"I thought some time ago I was through with this political mess," George drove on. "But, Doolittle, damn you, I've just begun to get in it! And I'm going to see it through to the finish!"
Suddenly a thin little figure thrust itself between the bellicose pair and began shaking George's hand. It was Martin Jaffry.
"George—I guess I'm my share of an old scoundrel—and a trimmer—but hearing some one stand up and talk man's talk—" He broke off to shake George's hand again. "I thought you were the king of boobs—but, boy, I'm with you to wherever you want to go—if my money will last that far!"
"Keep out of this, Jaffry," roughly growled Doolittle. "It's too late for your dough to help this young pup. Remington, we may not take you off the ballot, but the organization kin send out word to the boys——"
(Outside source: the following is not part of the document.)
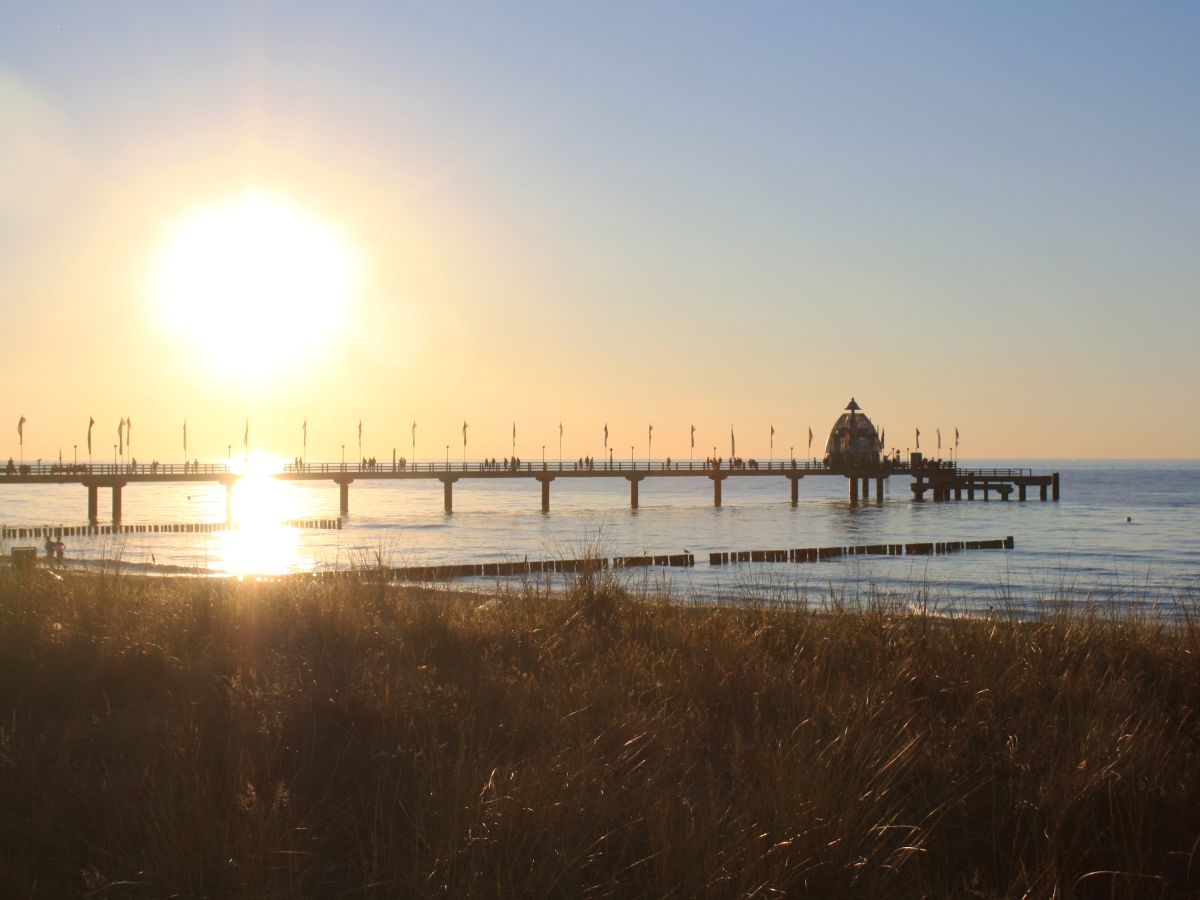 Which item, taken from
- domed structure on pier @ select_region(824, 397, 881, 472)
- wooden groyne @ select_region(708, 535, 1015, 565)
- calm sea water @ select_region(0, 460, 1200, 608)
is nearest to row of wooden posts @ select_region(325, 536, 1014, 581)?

"To knife me! Of course, I expect that! All right—go to it! But I'm on the ballot—you can't deprive people of the chance of voting for me. And I shall announce myself an independent and shall run as one!"
"We may not be able to elect our own nominee," harshly continued Doolittle, "but we kin send out word to back the Democratic candidate. Miller ain't much, but, at least, he's a soft man. And that Sentinel extra is going to say that a feeling has spread among the respectable element that it has lost confidence in you, and is going to say that prominent party members feel the party has made a mistake in ever putting you up. So run, damn you—run as a Democrat, a Republican, an Independent—but how are you going to git it across to the public in a way to do yourself any good—without backing? How are you going to git it across to the public?"
His last words, flung out with overmastering fury, brought George up short, and he saw this. Doolittle's wrath had mounted to that pitch which should never be reached by the resentment of a practical politician; it had attained such force that it drove him on to taunt his man. "How are you going to git it before the public?" he again demanded, eyes agleam with triumphant rancor—"with us shutting you off and hammering you on one side?—and them damned messy women across the street hammering you from the other side? Oh, it's a grand chance you have—one little old grand chance! Especially with those dear damned females loving you like they do! Jest take a look at what the bunch over there are doing to you!"
Doolittle followed his own taunting suggestion; and George, too, glanced through his window across the crowded street into the shattered window whence issued the Voiceless Speech. In that jagged frame in the raw November air still stood Mrs. Harvey Herrington, turning the giant leaves of her soundless oratory. The heckling request which then struck George's eyes began: "Will Candidate Remington answer——"
George Remington read no more. His already tense figure suddenly stiffened; he caught a sharp breath. Then, without a word to the two men with him, he seized his hat and dashed from his office. The street was even more a turbulent human sea, with violently twisting eddies, than had appeared from George's windows. It seemed that every member of the organizations whom Mrs. Herrington (and also Betty Sheridan, and later E. Eliot, and, at the last, Geneviève) had brought into this fight, were now downtown for the supreme effort. And it seemed that there were now more of the so-called "better citizens." Certainly there were more of Noonan's men, and these were still elbowing and jostling, and making little mass rushes—yet otherwise holding themselves ominously in control.
Into this milling assemblage George flung himself, so dominated by the fiery urge within him that he did not hear Geneviève call to him from Penny's car, which just then swung around the corner and came to a sharp stop on the skirts of the crowd. George shouldered his way irresistibly through this mass; the methods of his football days when he had been famed as a line-plunging back instinctively returned—and, all the fine chivalry forgotten which had given to his initial statement to the voters of Whitewater so noble a sound, he battered aside many of those "fairest flowers of our civilization, to protect whom it is man's duty and inspiration."